Tobias hatte die Philosophenbank auf dem Altenberg erreicht. Da wollte er rasten und nachdenken. Auf der Bank, die eine leider überraschend verstorbene Freundin von Rebecca und Tobias einst Philosophenbank getauft hatte. Hier hatte er während der gemeinsamen Schulratszeit mit dem Gatten der Verstorbenen einige erfolgreiche Projekte ausgeheckt. Vielleicht, so die Überlegung von Tobias, kommt auch heute die zündende Idee, wie mit diesen sonderbaren Zwingli Erscheinungen umgegangen werden sollte.

Tatsächlich kam es wie eine Erleuchtung über ihn. Nein, nein und nochmals nein. Mit Zwingli durfte man diesen Schabernack nicht treiben. Die katholische Kirche würde die Zwinglipredigten als klaren Affront betrachten. Die Erfolge der Ökumene würden sich im Nichts auflösen. Der Kulturkampf unter dem er, Tobias, weiss Gott schon genug gelitten hatte, würde sofort wieder entflammen. Er liebte die ehrwürdige bald hundert Jahre alte düstere Kirche keineswegs. Doch eine derartige Entweihung zu einer mysteriösen Geisterschau mit Rummelpark hatte sie nicht verdient. Zudem wusste niemand wie die Rückkehr von Zwingli überhaupt zu Stande gekommen war und wie lange diese Erscheinungen anhalten werden. Ebenfalls traut er dem Geist Zwingli durchaus zu, dass er gar nicht mitmachen will und schmollend in seinem Holzrahmen bleibt.
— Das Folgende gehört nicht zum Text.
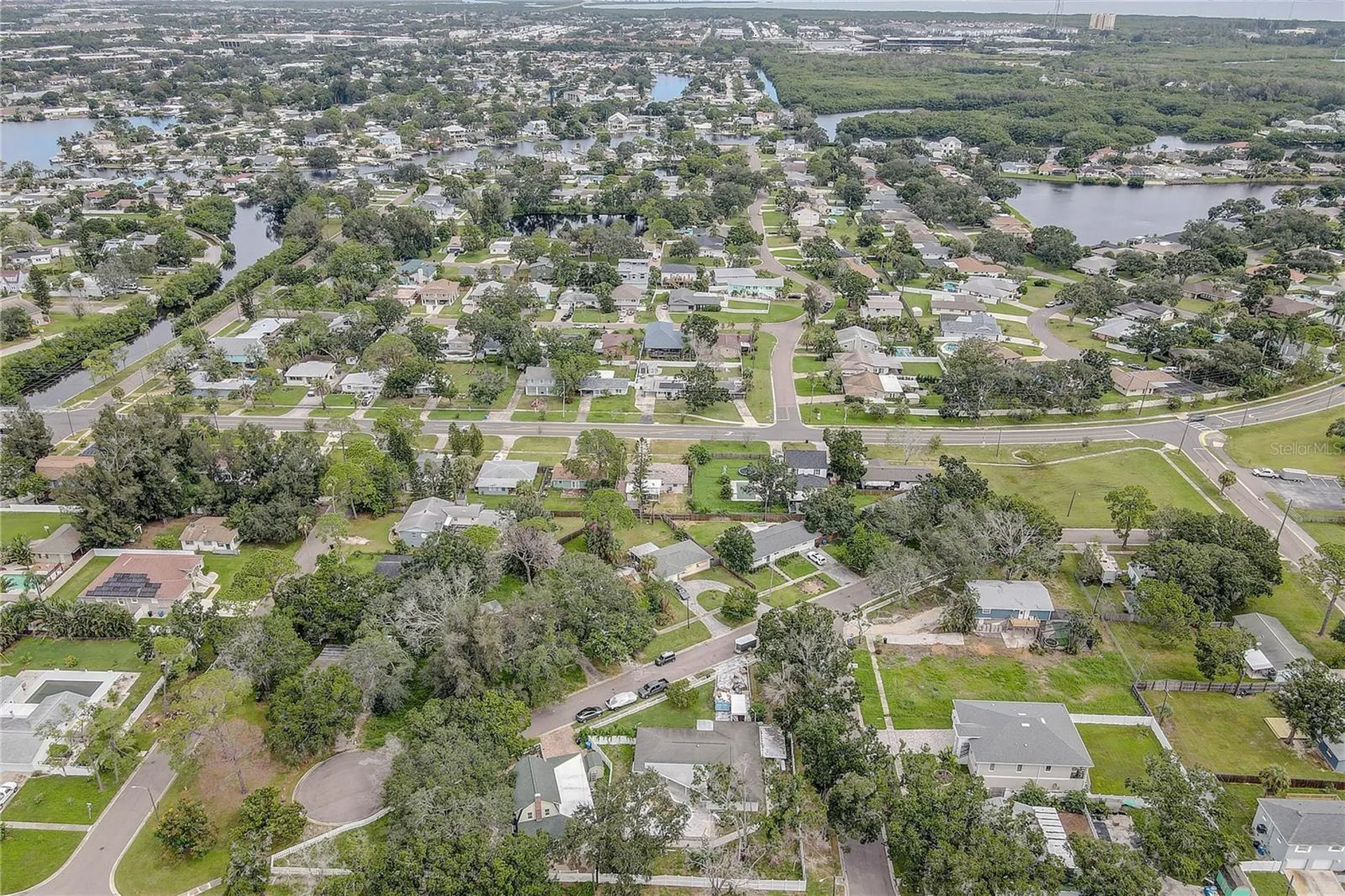 330 83rd Avenue NE St Petersburg FL 33702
Als Tobias sich von der Bank erhob war ihm klar. Er muss wieder mit Zwingli Kontakt aufnehmen. Seine Erscheinungen mussten aufhören. Im Notfall würde er ihm einfach den Stecker ziehen und das Glasbild wieder zurück in den Holzkoffer legen. Die Finanzen müssen wieder ins Lot gebracht werden und zwar ohne den Zwingligeist.

Die Rast auf der Philosophenbank hatte sich wieder einmal gelohnt. Vor einiger Zeit hatte er hier die Frau des Finänzlers getroffen und sich während einer knappen Stunde vortrefflich mit ihr unterhalten. Er erinnerte sich, dass sie damals das Thema Dürfen wir Menschen Fehler machen? diskutierten und zu ganz verschiedenen Ansichten gelangten. Hoffentlich war sein soeben geplantes Vorgehen kein Fehler.

Tobias hatte keine Erfahrungen in der Waldwirtschaft. Allerdings war auch ihm bekannt, dass sich der Holzpreis in den letzten Jahren positiv entwickelte. Wenn die Kirchgemeinde durch den Verkauf des Aubodenwaldes finanziell saniert werden könnte, sollte es ihm recht sein. Er beschloss, Franz den Verkauf zu empfehlen.

Schon aus einiger Distanz sah Tobias das Licht in ihrer Wohnung. Rebecca ist schon zu Hause. Erleichtert entstieg er dem Lift, der ihn direkt in die Attikawohnung brachte:

»Rebecca, ich habe die Lösung!«

Seine Frau war froh, dass ihr Mann wieder guter Laune war und hörte geduldig seinen Ausführungen zu:

»Tobias, du hast richtig überlegt. Sprich mit Franz und biete ihm deine Hilfe an. Er wird diese sicher nicht ausschlagen.«

Die beiden genossen das herzhafte Abendessen. Gschwellti mit Butter, Salz, Ziger und verschiedenen Käsesorten.